Coal and nuclear PR could start in schoolsThe government plans to embark on a large-scale public relations campaign that may include adjusting school curriculums in an effort to win public support for nuclear or coal-fired power plants in the coming years, according to Norkhun Sitthipong, the Energy Ministry's permanent secretary. ''Nuclear power is unavoidable, but it takes time,'' he said in an interview. ''We need at least seven years to change laws and regulations and get approval from the International Atomic Energy Association.
''It will take a large public relations campaign to educate the public, starting from kindergarten. We have to discuss with the Ministry of Education [how] to change the curriculum.''
Policymakers are in the midst of preparing a 15-year power development plan (PDP) that calls for electricity production to more than double to about 55,000 megawatts by 2021.
Energy Ministry officials have said the plan aims to diversify fuel sources away from a heavy reliance on natural gas for electricity, but many analysts doubt whether the government has the political will to push through a controversial switch to coal or nuclear power.
Three proposals have been put forward for the PDP. The first says coal will produce two-thirds of new capacity; the second says only 9%; and the third envisions 53% coal and 15% nuclear.
Since most analysts think nuclear power is at least a decade away, the short-term plan calls for either increased hydropower imports from neighbouring countries or _ much to the dismay of environmental groups _ the development of coal-fired power plants.
''Most of the new power plants will be coal because of the price,'' Mr Norkhun said. ''The tariff of coal-fired power plants is the cheapest.''
However, he added, finding a place to build a coal-fired power plant was ''extremely difficult''.
In a bid to win local support for new power plant proposals, the cabinet recently approved a draft of the Energy Industry Act.
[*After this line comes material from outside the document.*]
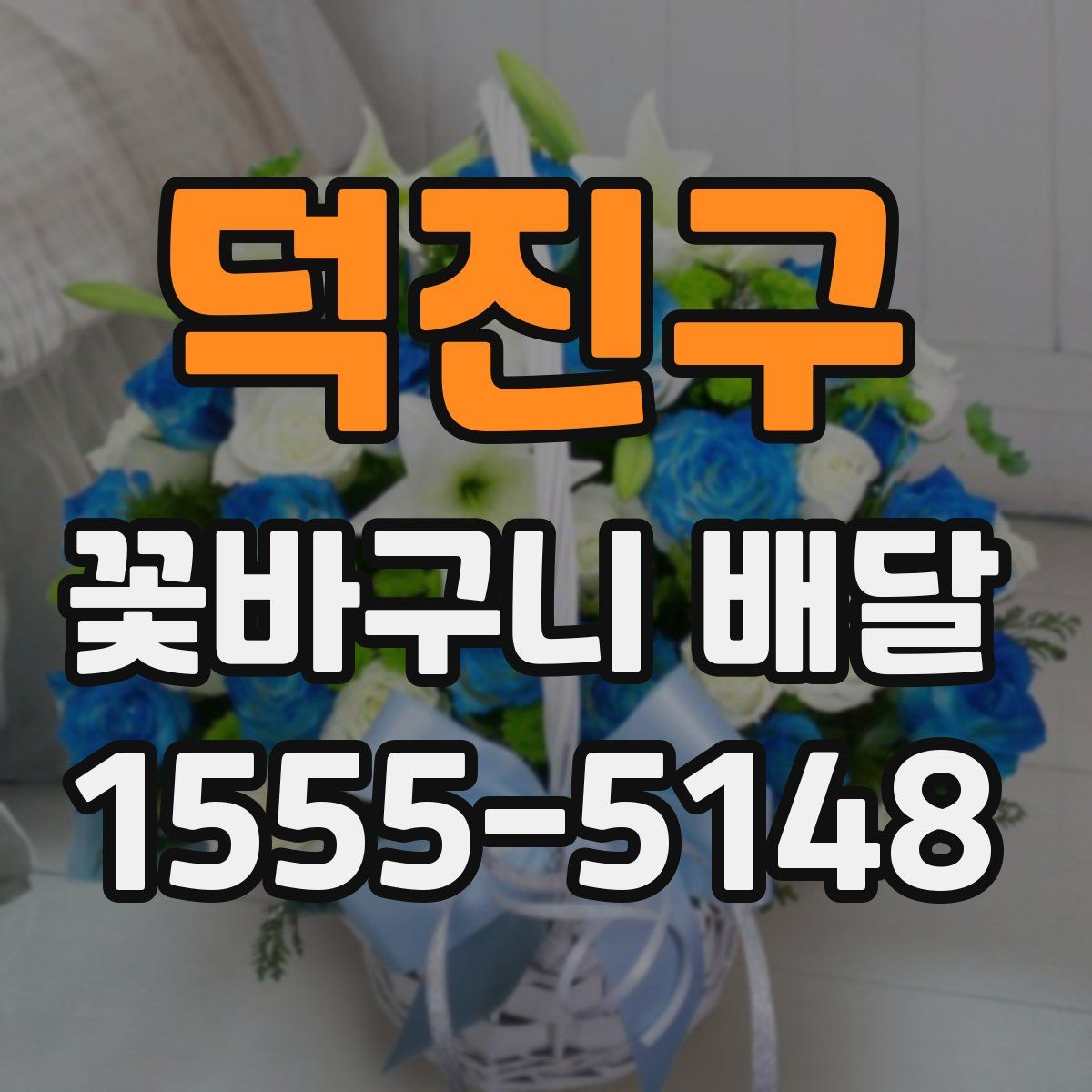 덕진구 꽃바구니 배달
The Council of State will now vet the bill before it heads to the National Legislative Assembly for consideration.
The draft law calls for an energy tax that will funnel millions of baht into villages falling within a five-kilometre radius of any power plant. For example, a 700- megawatt coal-fired plant could bring surrounding communities up to 150 million baht per year, Mr Norkhun said.
Moreover, the Energy Ministry may offer the communities big discounts on electricity bills.
But while the government realises the need to diversify away from gas, many analysts doubt if it has the political strength to follow through on coal.
In calling for coal-fired plants, Mr Norkhun said that private companies would be on their own to win the support of local communities _ a move that would likely deter most private operators from choosing coal unless they can put the plant in an industrial estate.
''The current government is damaged goods, and it doesn't have the courage to stand up and say a coal-fired plant needs to be built. If they don't use coal, they'll have a problem in 2012, but nobody in the government wants to get chewed up Pridiyathorn-style for taking a tough stance on an issue people feel very emotional about,'' said a long-time energy consultant in Bangkok, referring to former deputy premier M.R. Pridiyathorn Devakula.
Certainly the country's bad experience with Egat's dirty lignite-fuelled power plant in Lampang province lingers in the background of any coal discussion.
Protests from villagers in Prachuap Khiri Khan, where earlier coal plants were proposed and then scrapped, also forced the cancellation of the first PDP public hearing in February.
Mr Norkhun declined to speculate on what energy mix the final PDP would stipulate. But he said the ministry would hold another public hearing on April 4, and hoped to approve the PDP by the end of next month.
''For the next public hearing, we'll use the military auditorium so hopefully we won't have the same problems,'' he said.